Me llevaba muy bien con George, mi tío. Nunca se comportó como un padre, sino más bien como un hermano mayor. Mimí era dura, él era mi aliado; muchas veces me defendía. Entre nosotros había una verdadera connivencia. Escuchábamos juntos la radio, me daba a probar alcohol, y hasta me regaló una armónica. Había vivido y viajado mucho, lo que me fascinaba. Lo amaba, y lo sigo amando. Hablo de él, porque creo que fue gracias a él que llegó el fin de mi infancia. Murió de golpe. Fue el primero de una larga serie trágica, esta serie que hace de mi vida un camino angosto entre cadáveres. Murió sin aviso, de una hemorragia en el hígado. Estábamos ahí, hablando, y no recuerdo bien qué pasó, pero en unos minutos todo había terminado. Mimí se derrumbó, y yo no sabía qué hacer. No creía que ella pudiera llorar. Nunca había imaginado que pudiera tener un corazón que sangrara. Horas después del drama, subí a mi cuarto con una de mis primas. Y nos pusimos a reír. Me avergüenzo todavía hoy de esas risas. Me repugnan. No sabíamos por qué nos reíamos, pero estábamos ahí, como si la muerte no significara nada para nosotros. Yo estaba perdido, y no sabía qué había que hacer. Lo que acababa de suceder no me parecía posible.
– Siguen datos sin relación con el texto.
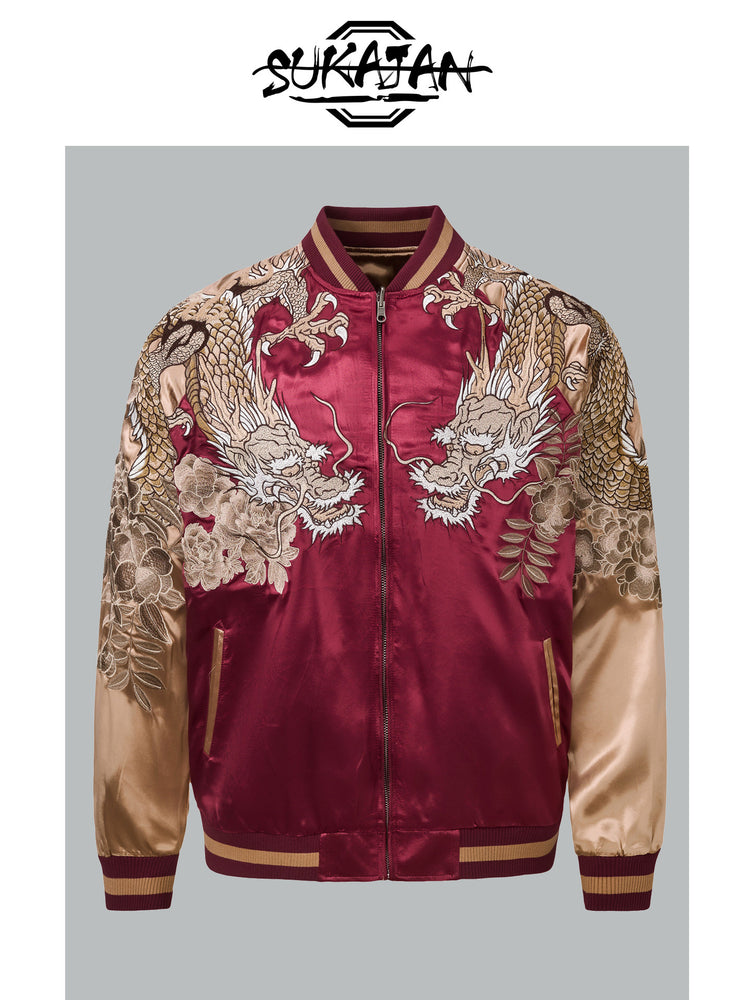 Heavy Embroidery - Reversible SUKAJAN Dragon Tiger Descending the Mountain heavy-duty embroidered Chinese-style jacket Yokosuka Silk Kasho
A Mimí la rodearon la familia y los amigos. Pero las cosas pronto retomaron un curso normal. Era extraño. Ella era capaz de hacer bromas sobre el cadáver todavía caliente de su marido. Yo le debo mucho de mi cinismo. A mí me parecía tan extraño ver que la muerte no nos mataba. Fue en esta época que mi madre empezó a visitar con más frecuencia la casa. Su presencia me molestaba. A veces no quería verla y me iba a esconder en el jardín. Otras veces me quedaba ahí, plantado frente a ella, idiota de admiración. Tanto me habían repetido que no había que hacer preguntas, que no sabía nada de ella. En fin, sí, sabía lo esencial: vivía con Dykins y tenía dos hijas. Pero no sabía siquiera su dirección. Fue uno de mis compañeros de escuela el que me dijo dónde vivía. Entonces supe que su casa estaba enfrente de la nuestra. Me hizo mucho mal darme cuenta de que ella había estado tan cerca todos esos años en que yo había sufrido a muerte su ausencia. Pero yo era como todos los niños que se inventan historias para no odiar a sus padres. Transformé este descubrimiento tan hiriente en una noticia positiva: mi madre estaba muy cerca de mí, y yo no tenía más que cruzar el parque para verla. Cosa que hice un día. Toqué el timbre de su puerta. El corazón me latía como si fuera a estallar, como para una cita amorosa. Ella abrió la puerta y me miró fijo. No sé cómo describir ese instante. Se quedó inmóvil, seguramente paralizada por la sorpresa. Y de pronto me tomó en sus brazos susurrando: «Mi chico, mi chico grande». Yo no esperaba en modo alguno algo tan efusivo, y me esforcé para no mostrar mi emoción. Quería aparentar ser un hombre frente a mi madre. Ese momento me llenaba de una alegría inmensa, pero era una alegría mezclada. Era una alegría que me devastaba. ¿Cómo podía mostrarme tanto afecto, ella que nunca había intentado verme siquiera? Sonreía, seguía sonriendo, y comprendí que no era el momento de hacerse preguntas. Simplemente había que saborear la belleza de nuestro reencuentro. Era instintivo, era fuerte. Los diez años de nuestra separación se esfumaban. El presente, con su furiosa evidencia, expulsaba el pasado. Los dos lo comprendimos ese día, lo sé. Lo vi en su sonrisa y en su alivio. No nos dejaríamos nunca más. Ella sería el centro de mi vida. La eternidad del amor maternal comenzaba al fin.